A party platform is a non-binding statement of policy that is meant to provide voters with some sense of what the party as a whole stands for. It is quite common for presidents and members of Congress to depart significantly from their party’s platform once they are elected, but as a political document, it has some meaning in setting expectations for advocacy and a referential framework for lobbyists. 

What does this mean for Palestine, for Gaza, for the ongoing genocide, and for the massive suppression of dissent on the matter that has swept across not only American campuses but across American culture more broadly?

Republicans

With the Republican National Convention scheduled for July 15, their platform is largely complete.

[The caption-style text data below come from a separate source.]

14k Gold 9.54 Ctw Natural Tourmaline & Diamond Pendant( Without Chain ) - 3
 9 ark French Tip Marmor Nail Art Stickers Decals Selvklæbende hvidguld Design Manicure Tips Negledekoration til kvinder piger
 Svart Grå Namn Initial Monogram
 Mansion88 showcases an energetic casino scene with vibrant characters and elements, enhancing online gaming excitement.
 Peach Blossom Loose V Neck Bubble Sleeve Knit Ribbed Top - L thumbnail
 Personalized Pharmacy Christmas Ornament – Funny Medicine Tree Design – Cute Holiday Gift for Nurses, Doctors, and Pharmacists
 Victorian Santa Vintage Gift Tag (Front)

They have more uniformity within their party than the Democrats do, so the process is simpler and the platform itself is much vaguer on many issues.

The GOP party platform vows to “stand with Israel, and seek peace in the Middle East. We will rebuild our Alliance Network in the Region to ensure a future of Peace, Stability, and Prosperity.”

In a separate section on antisemitism, the platform states, that Republicans “support revoking Visas of Foreign Nationals who support terrorism and jihadism.”

Taken together, this seems clear enough. We can be assured that Israel will have all the support it needs in slaughtering Palestinians. With Republican mega-donor Miriam Adelson pledging $100 million to Donald Trump’s campaign in exchange for a promise to allow Israel to annex the West Bank, it’s clear where a Trump presidency is heading and, outside of an outlier or two like Rep. Thomas Massie, who often votes against what Israel wants (not out of love for Palestinians) there isn’t a Republican who would have any problem with this.  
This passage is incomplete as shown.